DESCRIPTION OF THE TASK>
Quote the whole listing exactly. Leave the pictures out of your copy.

STUDY MATERIAL>

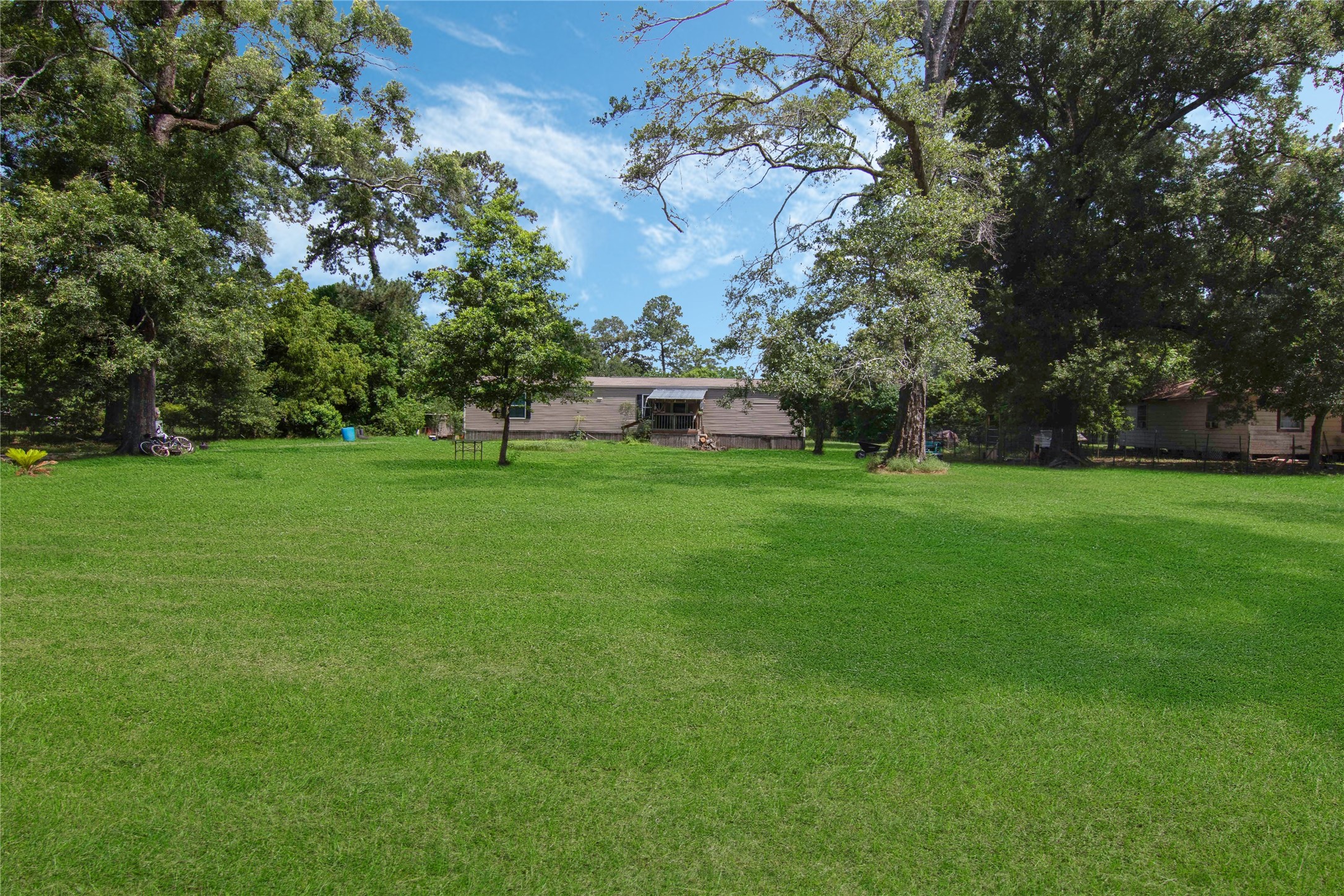 18093 Pickering Road Conroe, TX 77302 - Photo 5 of 29 a view of a big yard with swimming pool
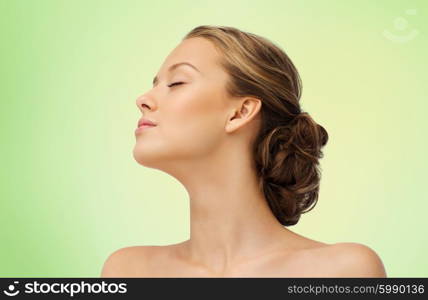 beauty, people and health concept - young woman face with closed eyes and shoulders side view over green background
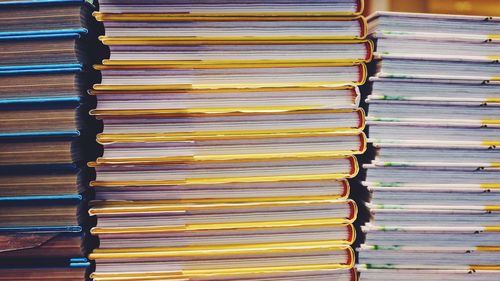 Full frame shot of books stacked indoors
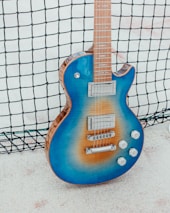 A blue electric guitar with a sunburst gradient leaning against a black netting. The guitar features chrome hardware, including two pickups, a bridge, and four control knobs. The setting appears to be outdoors on a white sandy surface.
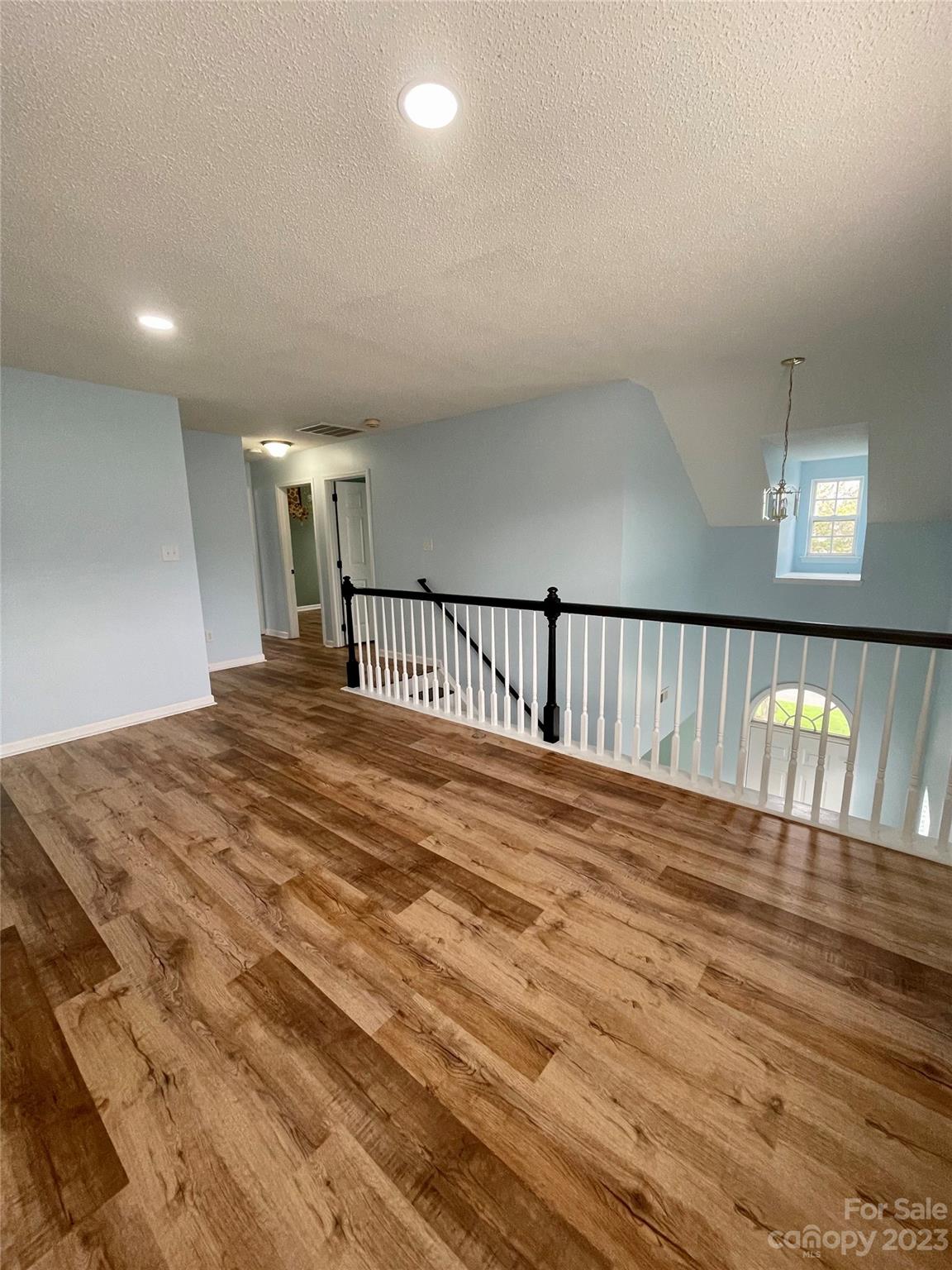 4045 Suttle Place Matthews, NC 28104 - Photo 22 of 42 a view of hallway with wooden floor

EXERCISE RESULT>
 18093 Pickering Road Conroe, TX 77302 - Photo 5 of 29 a view of a big yard with swimming pool
 beauty, people and health concept - young woman face with closed eyes and shoulders side view over green background
 Full frame shot of books stacked indoors
 A blue electric guitar with a sunburst gradient leaning against a black netting. The guitar features chrome hardware, including two pickups, a bridge, and four control knobs. The setting appears to be outdoors on a white sandy surface.
 4045 Suttle Place Matthews, NC 28104 - Photo 22 of 42 a view of hallway with wooden floor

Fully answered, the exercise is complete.